In interviews with The Daily Beast, former special operations officials, as well as other sources who are familiar with the events of the 2011 raid on bin Laden’s compound in Abbottabad, Pakistan, accused O’Neill of misstating key facts and wrongly taking sole credit for killing the world’s then-most wanted man.
At issue is who fired the shot—or shots—that hit bin Laden in the head, splitting open his skull and almost certainly ending his life. O’Neill insists that he was the shooter. But others—including a fellow SEAL who was standing within feet of O’Neill when the final encounter with bin Laden went down—say another, still-unidentified man likely fired the round that caused a lethal head wound.
In a SEAL version of Rashomon, the ostensibly silent warriors of the special operations community have been going after one another over what really happened that night in Abbottabad. One of their ranks, Matt Bissonnette, who pseudonymously co-wrote a best-selling book in 2012 about his role in the raid, has already come in for a drubbing from former SEALs, who say he broke with tradition by speaking publicly about the mission and revealing inside details of SEAL culture.
But Bissonnette is hardly the only man who’s sought to capitalize on his life as an elite warrior. Other SEALs have given paid speeches and consulted for filmmakers and video game designers. O’Neill himself is a paid motivational speaker who talks about his experiences in the SEALs, although he’s never been known to have revealed details of the raid.

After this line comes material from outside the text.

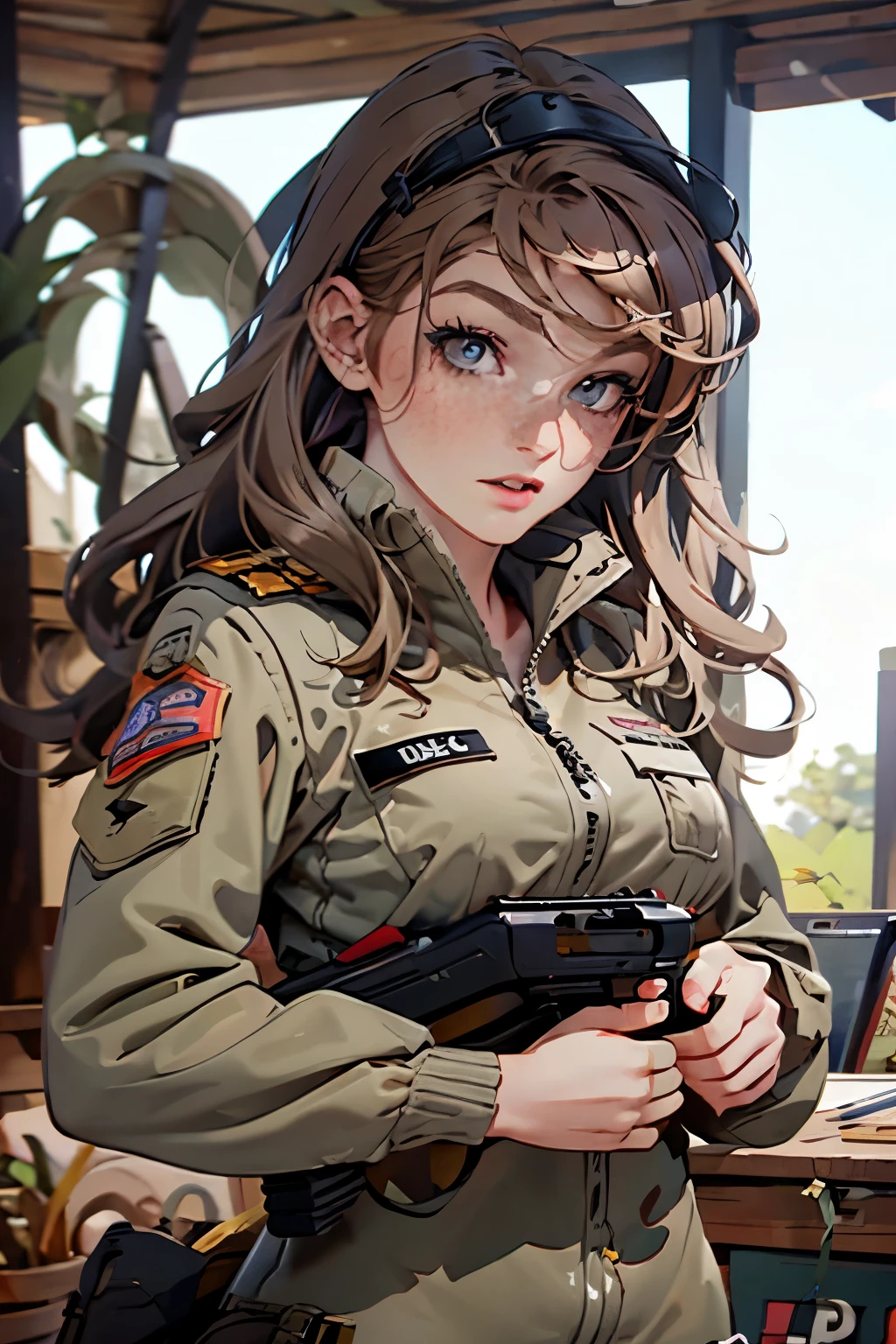 very pretty girl . She is 28 years old . Breast size 3 . height 180 cm . light grey eyes . brown-haired . . Wearing military uniform . soldier . She has a gun in her hands . severe , TIRED LOOK .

Sources who know and worked with O’Neill, who was first identified by the special operations blog SOFREP, said his version of events showed cracks almost from the night of the raid itself. One former special operations official said that O’Neill didn’t identify himself as the main shooter in the “hot wash” debriefing that operators conducted immediately after the raid at an air base in Afghanistan. But upon his return stateside, O’Neill identified himself as the trigger-man to members of the public while drinking in some favorite SEAL bars in Virginia Beach, VA. (This account was independently verified by a second source.) O’Neill’s behavior prompted his superiors to counsel him that the operation was classified, the former official said.
This much seems beyond dispute. O’Neill was one of three men who fired at the fugitive terrorist in the moments before he died. The two others SEALs were Bissonnette and a third shooter whom multiple sources referred to as the “point man,” because he was standing at the front of the team of SEALs as they climbed a staircase and approached bin Laden’s bedroom on the upper floor of his safe house.
According to O’Neill’s version of events, as described in an interview with the Washington Post published Thursday and a 2013 article in Esquire, the point man fired at bin Laden as he poked his head out of his bedroom door. But the point man apparently missed. O’Neill then moved past him, he says, and stepped into the room, coming face to face with bin Laden.
In a SEAL version of Rashomon, the ostensibly silent warriors of the special operations community have been going after one another over what really happened that night in Abbottabad.
O’Neill says he looked at bin Laden long enough to see that he seemed “confused,” appeared “way taller than I was expecting,” and “didn’t appear to be hit. I can’t tell you 100 percent, but he was standing and moving,” O’Neill told Esquire.
“In that second I shot him, two times in the forehead,” O’Neill told the magazine. He subsequently told the Post that it was clear he had killed bin Laden because his skull was split open.
Shortly after the article was published, Peter Bergen, a long-time chronicler of bin Laden and the only outside observer who was ever allowed to tour bin Laden’s compound after the raid, interviewed an anonymous SEAL Team 6 member who said the Esquire story was “complete B-S.”
But multiple special operations sources, as well as Bissonnette’s own account in his book, No Easy Day, say the still unidentified point man fired first at bin Laden and scored a direct hit, striking him in the skull. If true, that was the shot that almost certainly killed the terrorist leader, not O’Neill’s.
The point man, according to those who know him, is still serving with the SEALs. He’s described as quiet and not a fame-seeker. It’s unknown whether he has any plans he to write a book or speak publicly about his role in the raid. But the point man has told others outside the military that he was part of the mission in Abbottabad.
The Daily Beast asked Fox News about O’Neill’s version of events and how the filmmakers corroborated it for the documentary. The channel said that those questions would be answered in the film, which will air over two nights. Peter Doocy, the 27-year-old Fox reporter who scored the O’Neill interview told the network on Thursday, “We asked Rob O’Neill why his version of the story was a little bit different than what we’d heard before, and he does explain that in the special.”
As the body of Osama bin Laden was buried at sea within hours of his shooting, no official autopsy was done, nor did the operators stay in bin Laden’s compound long enough to carry out forensics on the shooting itself, as they were too busy gathering up evidence from the compound to take out before Pakistani authorities arrived. The authorities later razed the building.
The real story of who killed bin Laden may have gone to the bottom of the ocean or been plowed back into the dirt in Abbottabad. But if the anonymous “point man” comes forward, O’Neill won’t have the last word.